Le retrait des subventions régionales demandé par le RN
"La rencontre s'est très bien déroulée. Même si nous avons perdu 19-0, l'ambiance était très bonne. Le port du hijab n'a pas du tout choqué nos adversaires, elles étaient les premières à encourager notre équipe sur le terrain. On a même mangé un bout ensemble à la fin du match", se rappelle-t-il.
Ce n'est que quelques jours plus tard, que Sébastien Lepage entend quelques "échos" ici et là. Il remarque des premiers messages à caractère haineux ou raciste sur les réseaux sociaux : "C'est navrant de voir ces commentaires, ces insultes. C'est du racisme pur et dur. Mais on ne va pas se laisser faire, nous avons pris des captures d'écran de ces messages."
Le Rassemblement National en Auvergne-Rhône-Alpes s'est également saisi du sujet et a demandé au président de la Région, Laurent Wauquiez, de retirer les subventions au Chambéry Sport 73 : "Il est impensable que Laurent Wauquiez et la Région Auvergne-Rhône-Alpes participe au financement d'un club méprisant le règlement de la Fédération française de football (FFF) qui interdit formellement dans son article premier 'tout port de signe ou tenue manifestant ostensiblement une appartenance (...) religieuse'."
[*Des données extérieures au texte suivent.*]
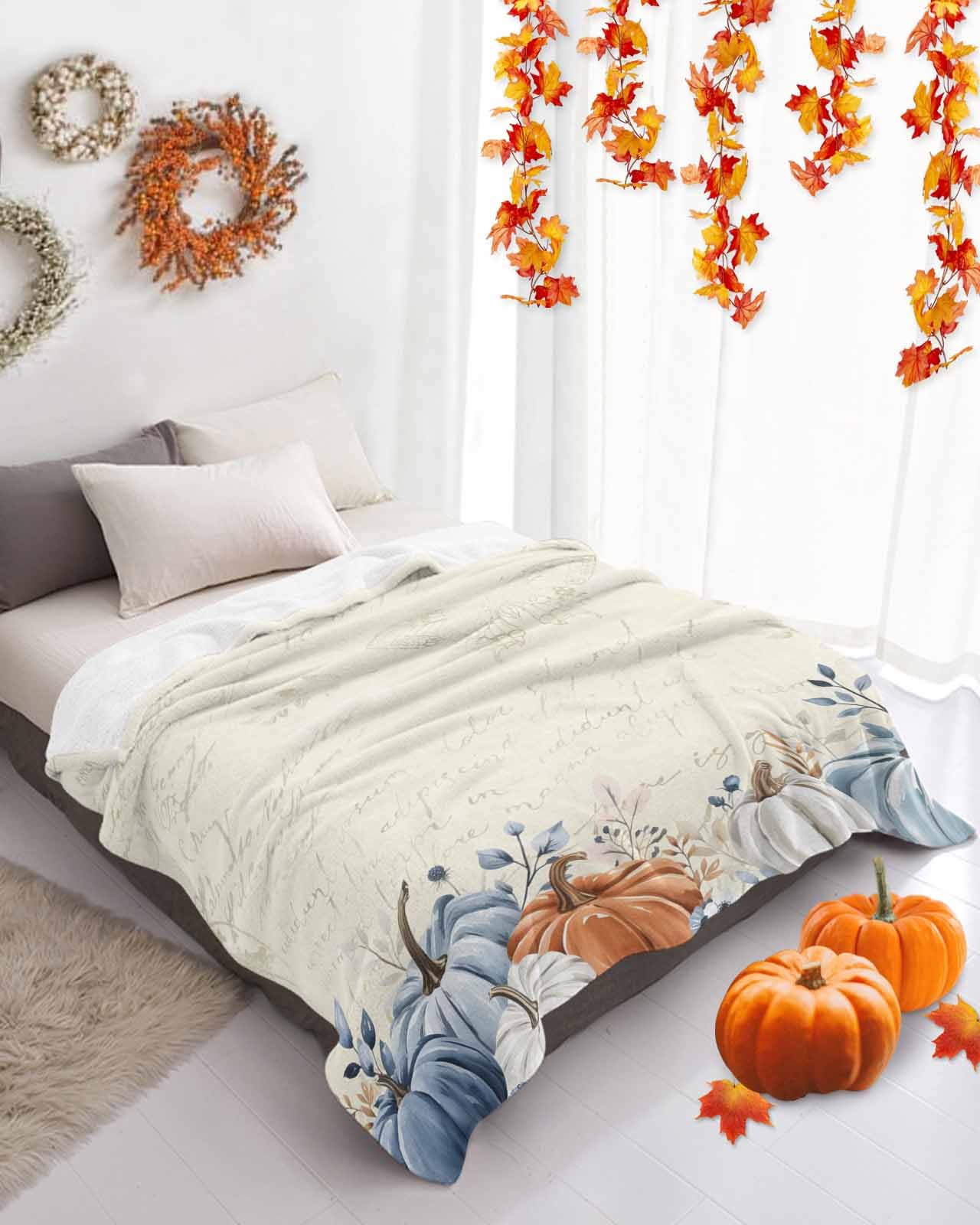 Blue Pumpkins Fall Throw Blanket - Elegant Leaves Flannel Fleece, Lightweight for Women, Adults, Kids & Babies - Microfiber Nap Blanket for Couch, Bed, Sofa - 60" x 40"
"Le Rassemblement National souhaite réaffirmer sa volonté de mettre fin à l'offensive islamiste dans le sport", conclut le communiqué du parti d'extrême-droite, co-signé par Andréa Kotarac, président du groupe RN au conseil régional d'Auvergne-Rhône-Alpes et Rémi Garnier, conseiller régional.
"Sans ces subventions, le club ne pourra pas survivre"
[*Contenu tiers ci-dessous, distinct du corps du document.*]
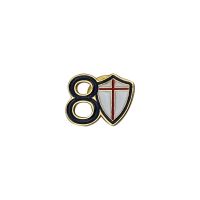 DISTINTIVO IN METALLO DORATO SMALTATO CELEBRATIVO 80 ANNI SAMPDORIA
Sébastien Lepage regrette cette prise de position : "Je pense qu'en ce moment, il y a des choses plus importantes que s'acharner sur des enfants qui veulent juste faire du sport. Nous avons besoin de ces subventions. Elles permettent d'aider toutes les équipes du club. Nous n'avons pas que notre formation féminine, nous avons plein d'enfants et jeunes. Nous avons près de 220 licenciés. Sans ces subventions, l'association du club ne pourra pas survivre et plein d'enfants se retrouveront sans club."
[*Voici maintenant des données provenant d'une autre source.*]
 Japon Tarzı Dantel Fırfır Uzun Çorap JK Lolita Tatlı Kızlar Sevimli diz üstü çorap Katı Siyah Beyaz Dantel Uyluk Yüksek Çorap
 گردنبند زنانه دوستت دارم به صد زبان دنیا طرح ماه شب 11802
Quant à l'équipe féminine, elle a décidé de se retirer des compétitions : "Nous avons discuté ensemble. Il y avait deux solutions : soit elles enlevaient le hijab le temps du match, soit on se retirait du championnat. Elles se sont concertées et, finalement, elles ont choisi de ne pas poursuivre le championnat. Elles vont continuer de s'entraîner, mais ne participeront plus à des matches officiels", explique-t-il avant d'ajouter qu'il "respecte ce choix" : "Elles ont des convictions intimes et elles s'y sont tenues."